WHAT YOU NEED TO DO: Take the records below and set down exactly the lines from the one with "New Laptop HP" to the one with "Snapshot of yuricazel", ends included; do not copy the pictures.

Stored entries:
##########
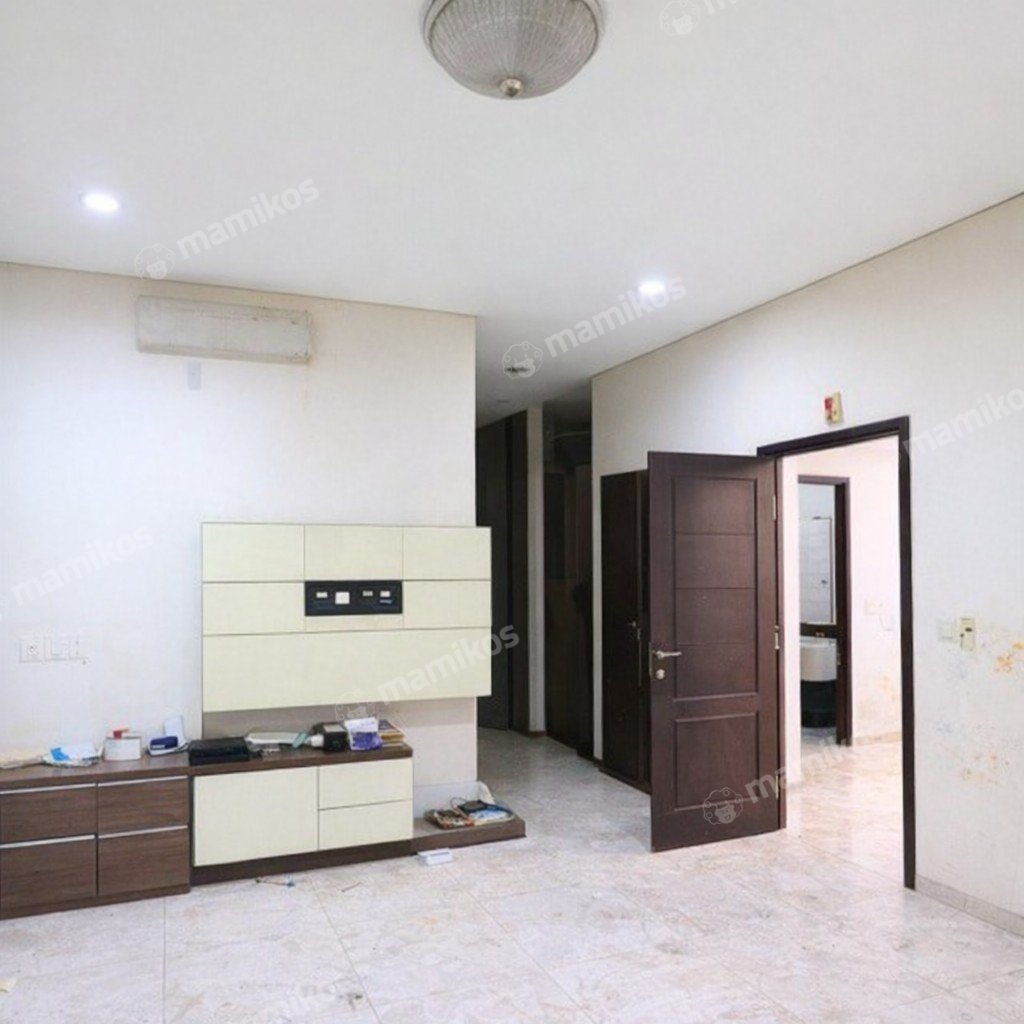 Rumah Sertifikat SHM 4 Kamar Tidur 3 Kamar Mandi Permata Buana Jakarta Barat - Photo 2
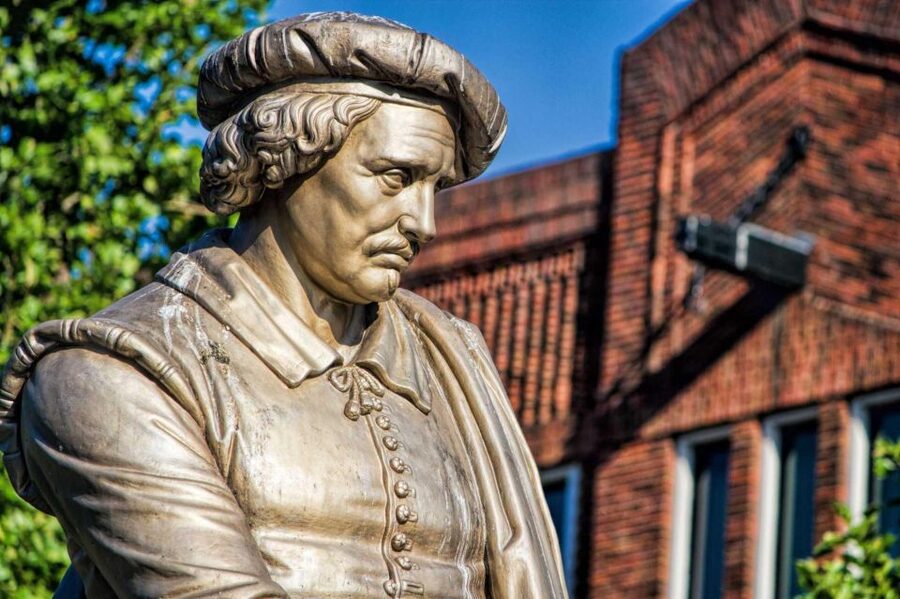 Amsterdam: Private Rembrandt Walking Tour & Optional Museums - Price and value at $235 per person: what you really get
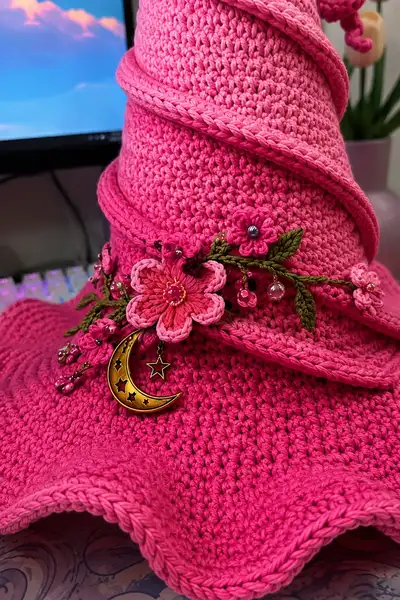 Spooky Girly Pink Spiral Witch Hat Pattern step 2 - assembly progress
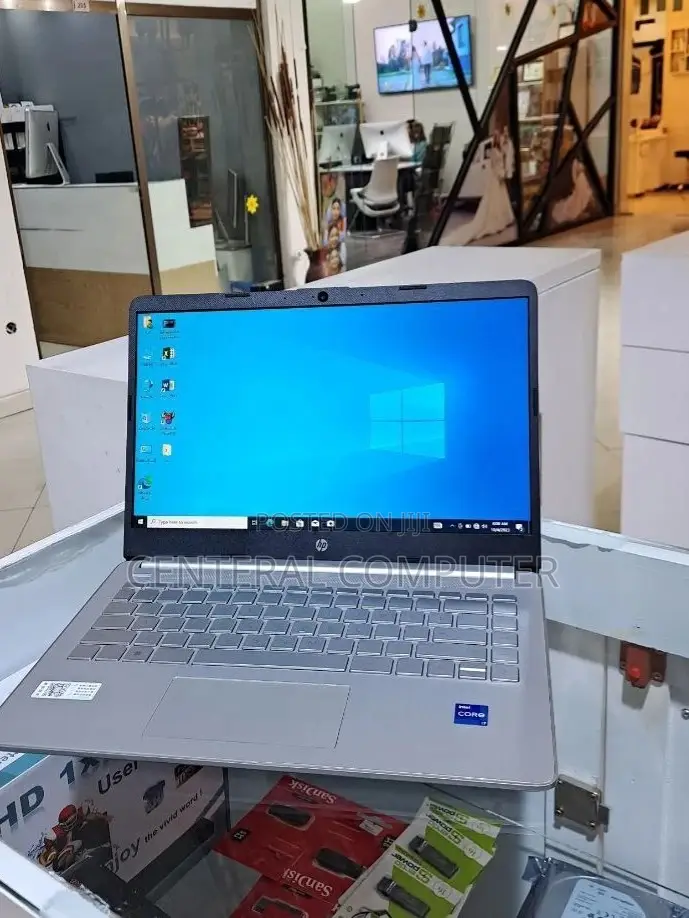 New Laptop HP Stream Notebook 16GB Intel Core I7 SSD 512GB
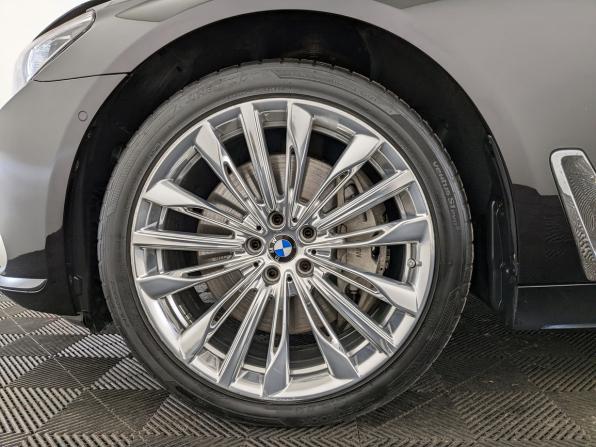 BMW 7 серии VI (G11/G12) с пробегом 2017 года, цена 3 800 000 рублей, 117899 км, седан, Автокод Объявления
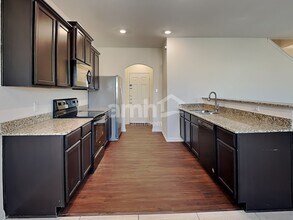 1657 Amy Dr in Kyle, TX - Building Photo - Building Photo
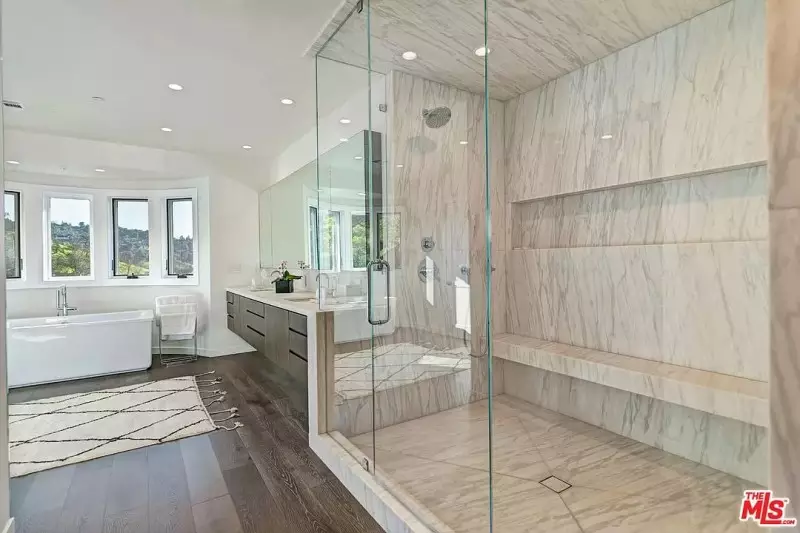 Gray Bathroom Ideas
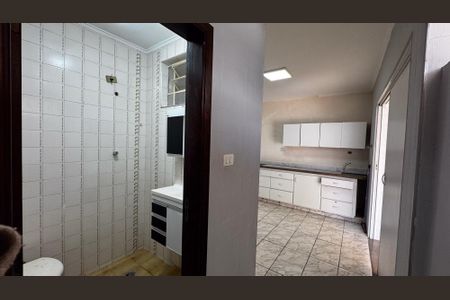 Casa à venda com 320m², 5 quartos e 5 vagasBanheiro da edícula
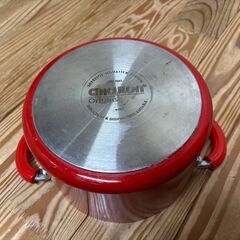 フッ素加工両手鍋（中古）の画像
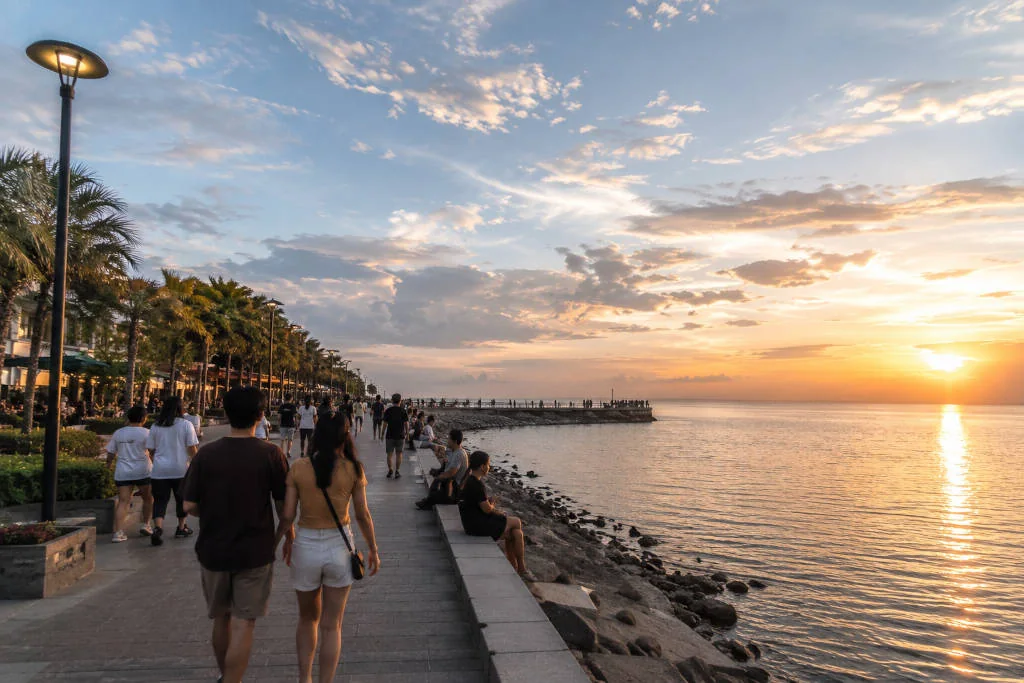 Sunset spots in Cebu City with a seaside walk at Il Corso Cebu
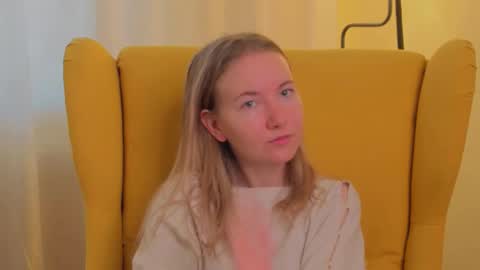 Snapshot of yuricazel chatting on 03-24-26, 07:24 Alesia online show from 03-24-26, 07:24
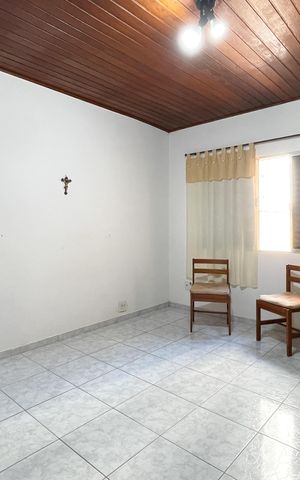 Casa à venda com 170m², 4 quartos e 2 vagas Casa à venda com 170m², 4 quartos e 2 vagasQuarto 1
##########
FINISHED TASK:
 New Laptop HP Stream Notebook 16GB Intel Core I7 SSD 512GB
 BMW 7 серии VI (G11/G12) с пробегом 2017 года, цена 3 800 000 рублей, 117899 км, седан, Автокод Объявления
 1657 Amy Dr in Kyle, TX - Building Photo - Building Photo
 Gray Bathroom Ideas
 Casa à venda com 320m², 5 quartos e 5 vagasBanheiro da edícula
 フッ素加工両手鍋（中古）の画像
 Sunset spots in Cebu City with a seaside walk at Il Corso Cebu
 Snapshot of yuricazel chatting on 03-24-26, 07:24 Alesia online show from 03-24-26, 07:24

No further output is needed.